From NJBIZ:

Fearing a commercial real estate crisis

Distress among commercial real estate mortgages in New Jersey is intensifying, with more properties in the state going back to the lenders. Some industry insiders say a crisis may be in the works if the economy continues to falter.

“You’re certainly seeing an increasing rate of foreclosures, and of lenders taking back properties,” said David Bernhaut, executive vice president at the East Rutherford office of Cushman & Wakefield, a commercial real estate brokerage. “It’s distress that everybody feels and senses.”

New Jersey currently has nearly $3.6 billion of distressed commercial assets, according to Real Capital Analytics, a New York-based research and consulting firm. Distressed assets include those in foreclosure or bankruptcy, have been restructured or modified, or have been taken back by the lender through foreclosure.

Many properties acquired between 2005 and 2007 — when prices were at their highest — were overleveraged, Bernhaut said. “What you’re seeing now is difficulty in refinancing assets.” The commercial mortgage-backed securities market — a major source of commercial real estate financing during those years — is no longer active, because of the large losses the holders of these securities have suffered, while “lenders have gotten much more conservative, so they won’t lend the type of proceeds necessary to pay off existing mortgages,” he said.

eal estate investment activity in New Jersey peaked from 2005 to 2006, and with most commercial real estate loans having five-year terms, the majority of those mortgages are due to mature between 2010 and 2012, he said.

Delinquencies made up 3.7 percent of commercial mortgages in New Jersey during the second quarter of 2009, up from 1.6 percent in the same period a year ago, according to Foresight Analytics, an Oakland, Calif.-based research firm. An estimated $7.4 billion of commercial mortgages are expected to mature between 2009 and 2011 in New Jersey, which ranks 13th in the nation in terms of the dollar amount of commercial mortgage maturities during the two-year period, the firm said.

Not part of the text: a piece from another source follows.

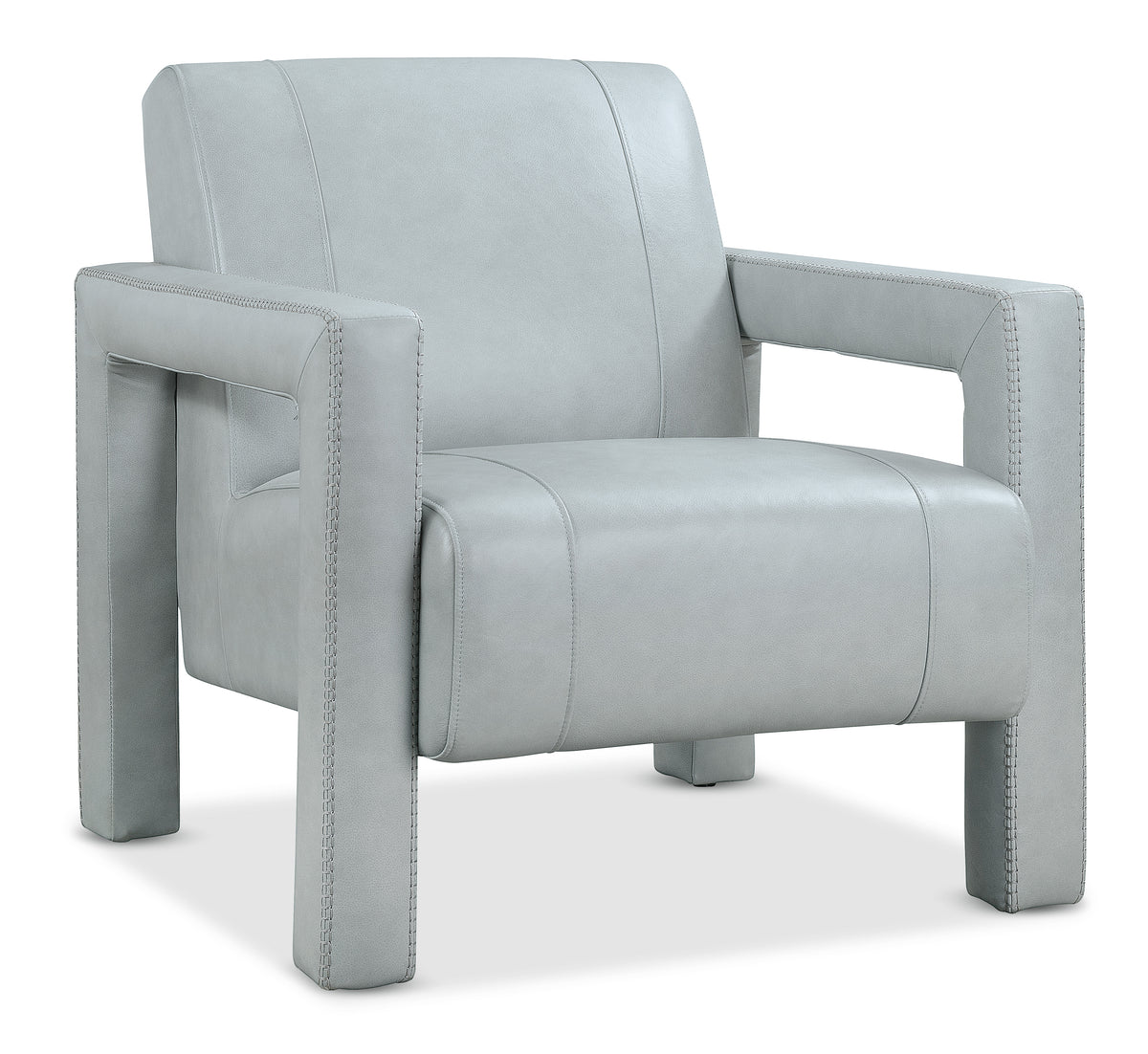 a white leather chair with armrests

Foreclosures and deeds in lieu of foreclosure have affected more than 15 buildings in New Jersey in 2009, and will become more and more prevalent during the second half of 2010 and 2011, as more commercial real estate debt matures, said David Simson, vice chairman and chief operating officer of New Jersey operations for commercial real estate services firm Newmark Knight Frank.

For properties purchased in the last five to six years, “the debt structure associated with those buildings may very well exceed the current market value of those buildings,” meaning the owners have no equity, to offer concession packages to prospective tenants, nor can they pay service providers, he said.

Edward Mermelstein, co-founder and managing principal of Edward A. Mermelstein & Associates, a New York law firm that works on deals in New Jersey, said lenders are putting themselves at risk as the gap between a loan’s face value and market value continues to widen.

“How long can you extend loans as property values continue to come down?” he said. “Many of these regional lenders are going to have no place to go except out of business.”